> _What is expected_
Leaving out all pictures, give again each line exactly, from the start of the listing through the line that contains "Light it through".

> _Supplied information_
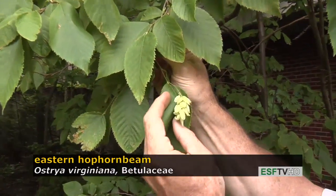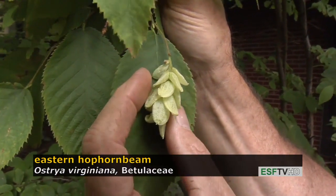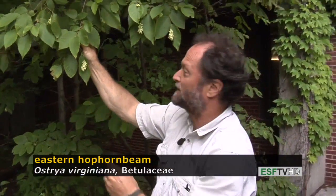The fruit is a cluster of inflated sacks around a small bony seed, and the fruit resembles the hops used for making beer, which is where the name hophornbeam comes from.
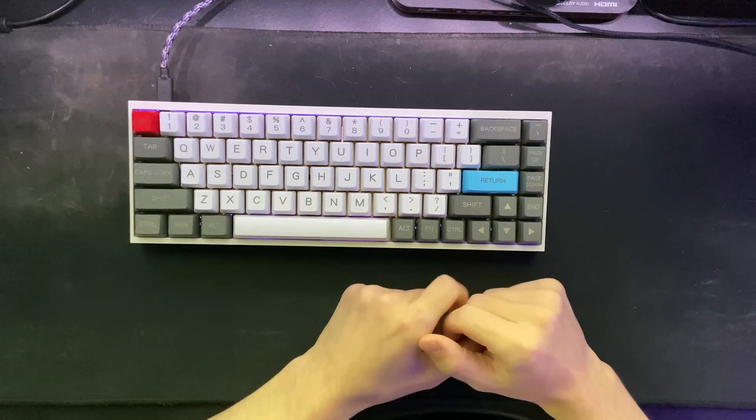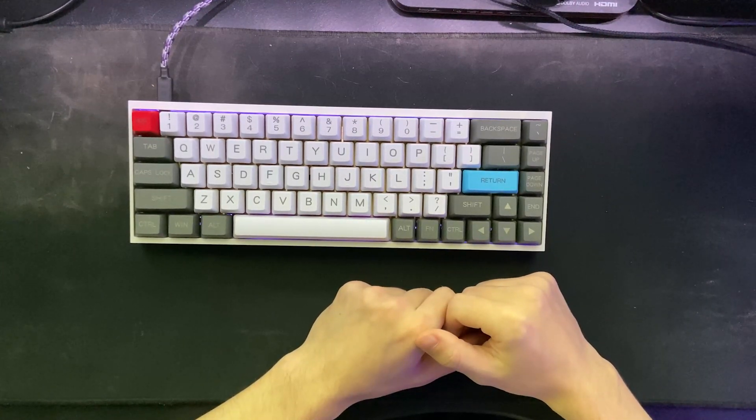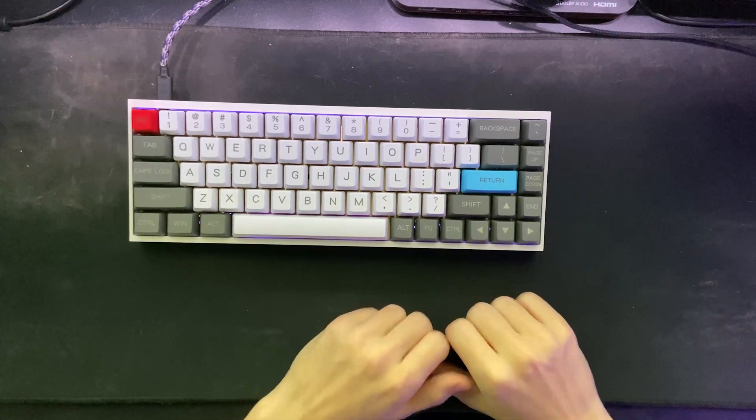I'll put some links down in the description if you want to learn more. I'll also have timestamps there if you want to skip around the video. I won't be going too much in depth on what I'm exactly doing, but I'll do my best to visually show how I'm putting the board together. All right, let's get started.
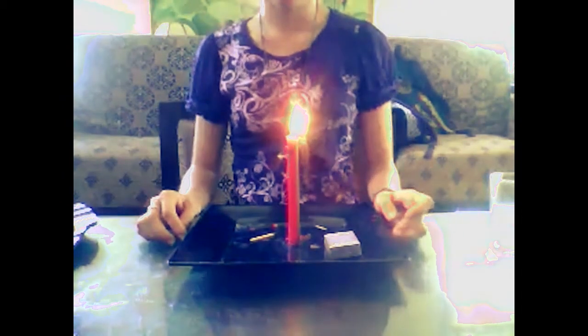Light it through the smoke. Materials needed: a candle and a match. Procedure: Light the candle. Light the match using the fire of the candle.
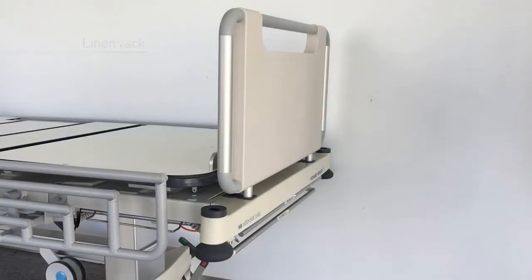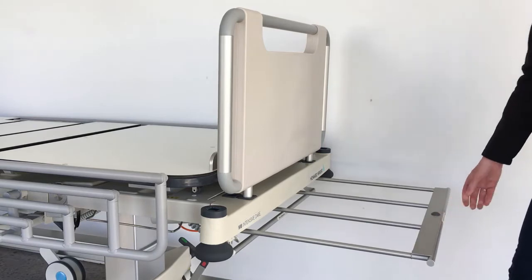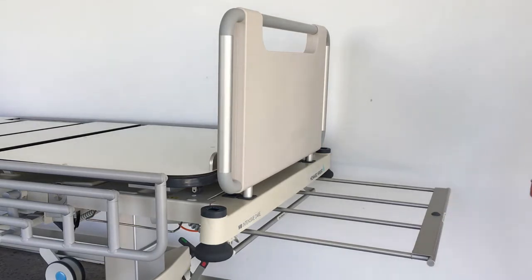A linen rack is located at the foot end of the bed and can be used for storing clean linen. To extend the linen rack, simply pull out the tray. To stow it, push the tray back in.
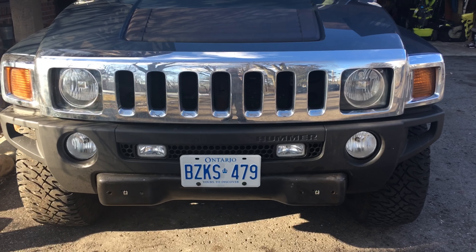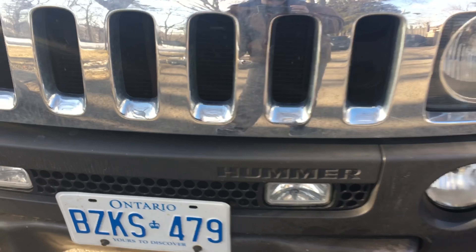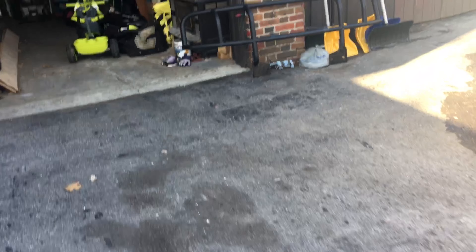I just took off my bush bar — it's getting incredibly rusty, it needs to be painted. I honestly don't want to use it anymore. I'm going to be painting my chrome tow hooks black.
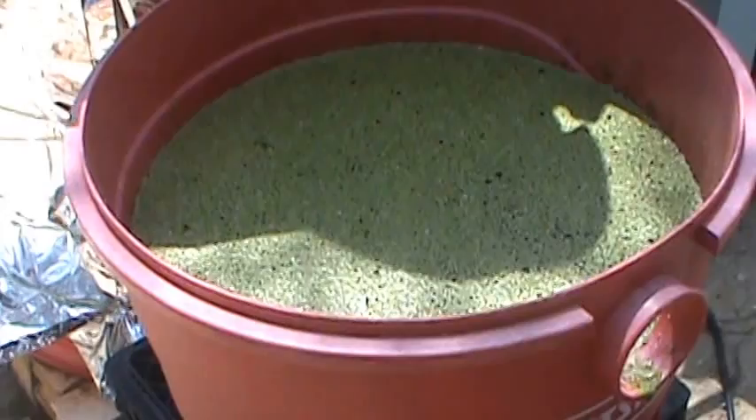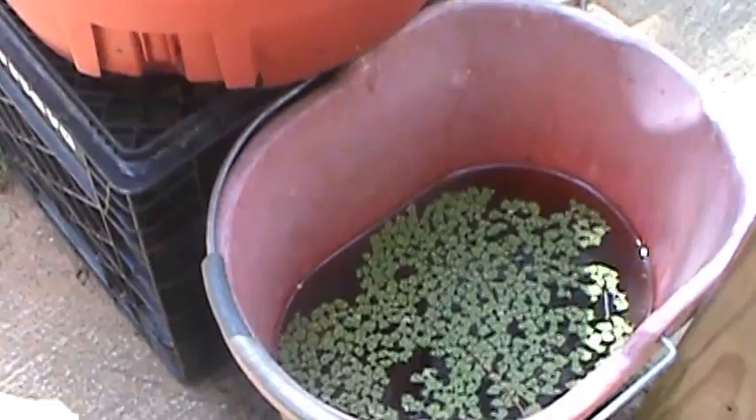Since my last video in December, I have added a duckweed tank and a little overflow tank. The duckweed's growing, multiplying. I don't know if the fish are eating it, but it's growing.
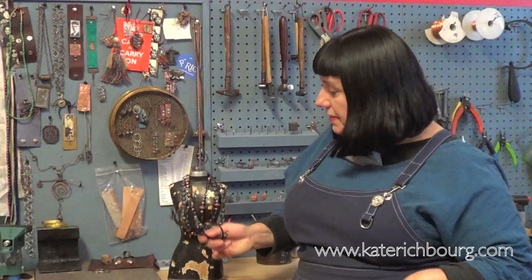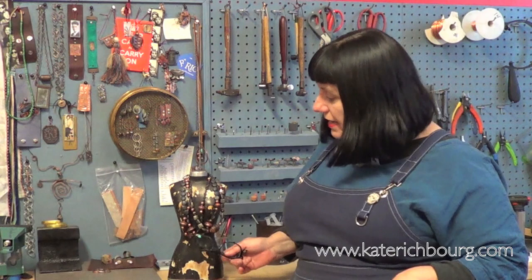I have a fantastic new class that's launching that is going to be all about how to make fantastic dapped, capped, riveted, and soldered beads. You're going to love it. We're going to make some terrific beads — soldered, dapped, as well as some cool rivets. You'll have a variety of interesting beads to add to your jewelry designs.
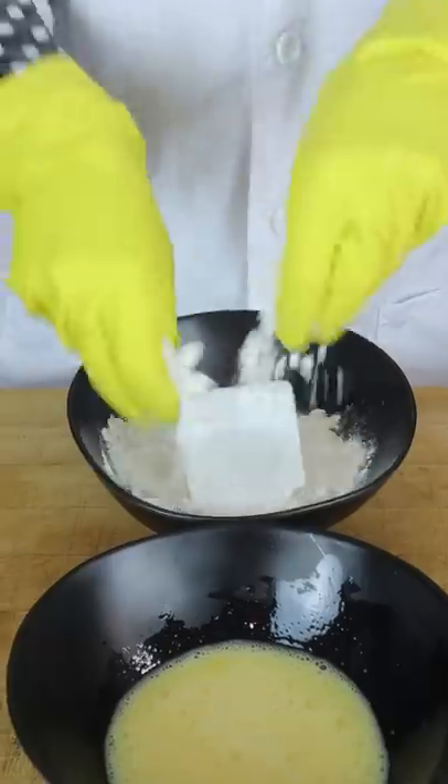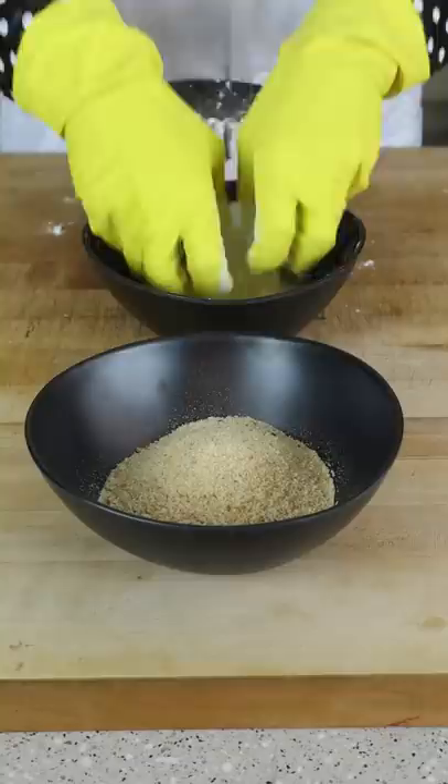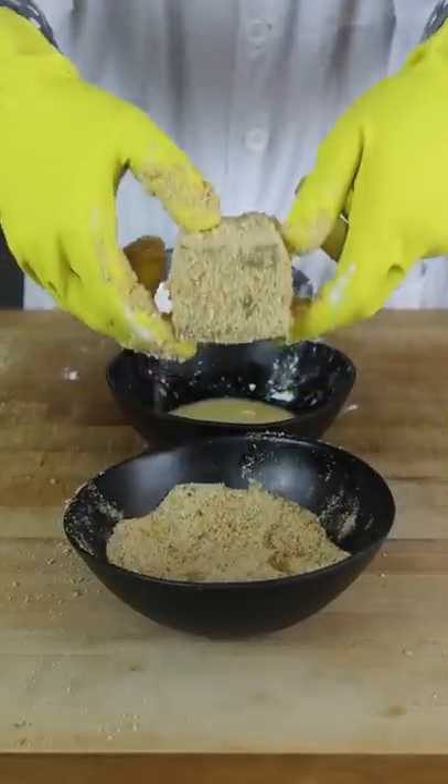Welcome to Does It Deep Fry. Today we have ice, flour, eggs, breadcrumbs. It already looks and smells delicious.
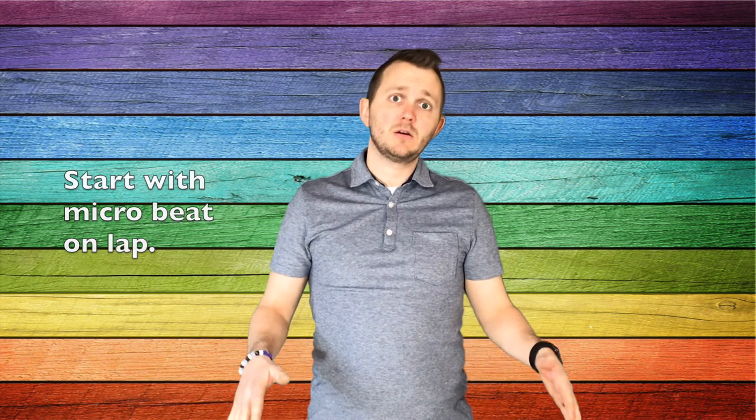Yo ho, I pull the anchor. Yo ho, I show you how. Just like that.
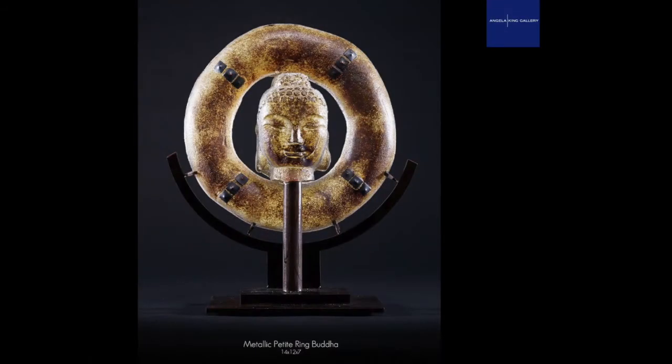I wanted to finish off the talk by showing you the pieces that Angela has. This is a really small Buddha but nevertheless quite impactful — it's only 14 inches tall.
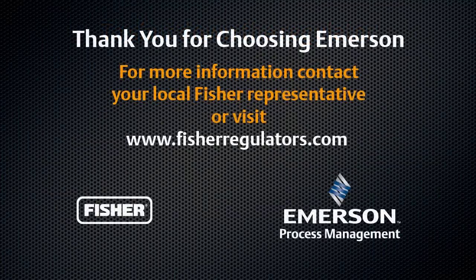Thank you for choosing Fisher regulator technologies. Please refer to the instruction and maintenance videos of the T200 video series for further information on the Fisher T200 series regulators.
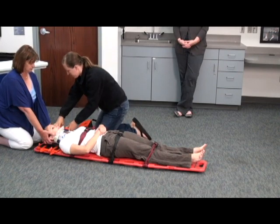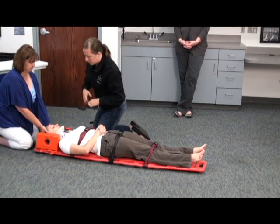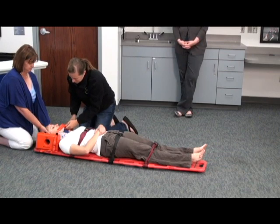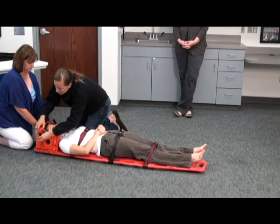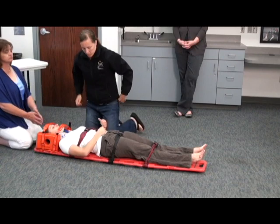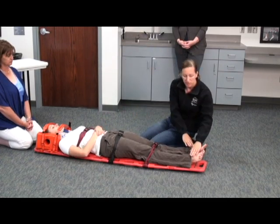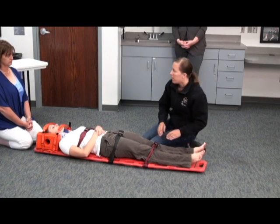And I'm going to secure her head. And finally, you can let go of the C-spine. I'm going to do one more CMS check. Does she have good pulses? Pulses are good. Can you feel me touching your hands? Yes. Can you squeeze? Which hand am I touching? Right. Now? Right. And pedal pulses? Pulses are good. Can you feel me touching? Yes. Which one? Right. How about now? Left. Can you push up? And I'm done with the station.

> _Solved problem_
The fruit is a cluster of inflated sacks around a small bony seed, and the fruit resembles the hops used for making beer, which is where the name hophornbeam comes from.
I'll put some links down in the description if you want to learn more. I'll also have timestamps there if you want to skip around the video. I won't be going too much in depth on what I'm exactly doing, but I'll do my best to visually show how I'm putting the board together. All right, let's get started.
Light it through the smoke. Materials needed: a candle and a match. Procedure: Light the candle. Light the match using the fire of the candle.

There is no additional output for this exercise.